Storing user credentials

In order to avoid having to re-enter credentials every time you restart/redeploy Zeppelin, you can store the user credentials. Zeppelin supports this via the ZEPPELINCREDENTIALSPERSIST configuration.

Please notice that passwords will be stored in plain text by default. To encrypt the passwords, use the ZEPPELINCREDENTIALSENCRYPT_KEY config variable. This will encrypt passwords using the AES-128 algorithm.

You can generate an appropriate encryption key any way you'd like - for instance, by using the openssl tool:

openssl enc -aes-128-cbc -k secret -P -md sha1

Important: storing your encryption key in a configuration file is not advised. Depending on your environment security needs, you may want to consider utilizing a credentials server, storing the ZEPPELINCREDENTIALSENCRYPT_KEY as an OS env variable, or any other approach that would not colocate the encryption key and the encrypted content (the credentials.json file).

Obfuscating Passwords using the Jetty Password Tool

Security best practices advise to not use plain text passwords and Jetty provides a password tool to help obfuscating the passwords used to access the KeyStore and TrustStore.

The Password tool documentation can be found here.

After using the tool:

java -cp $ZEPPELIN_HOME/zeppelin-server/target/lib/jetty-util-9.2.15.v20160210.jar \
         org.eclipse.jetty.util.security.Password  \
         password

2016-12-15 10:46:47.931:INFO::main: Logging initialized @101ms
password
OBF:1v2j1uum1xtv1zej1zer1xtn1uvk1v1v
MD5:5f4dcc3b5aa765d61d8327deb882cf99

update your configuration with the obfuscated password :

<property>
  <name>zeppelin.ssl.keystore.password</name>
  <value>OBF:1v2j1uum1xtv1zej1zer1xtn1uvk1v1v</value>
  <description>Keystore password.
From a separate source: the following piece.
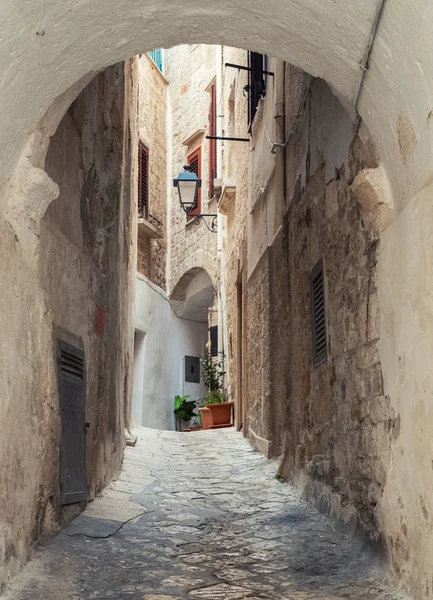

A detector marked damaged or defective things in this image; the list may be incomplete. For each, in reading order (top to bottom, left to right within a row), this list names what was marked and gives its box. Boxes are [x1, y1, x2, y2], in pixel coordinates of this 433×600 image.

Can be obfuscated by the Jetty Password tool</description>
</property>

Create GitHub Access Token

When using GitHub to track notebooks, one can use GitHub's API for authentication. To create an access token, please use the following link https://github.com/settings/tokens. The value of the access token generated is set in the zeppelin.notebook.git.remote.access-token property.

Note: After updating these configurations, Zeppelin server needs to be restarted.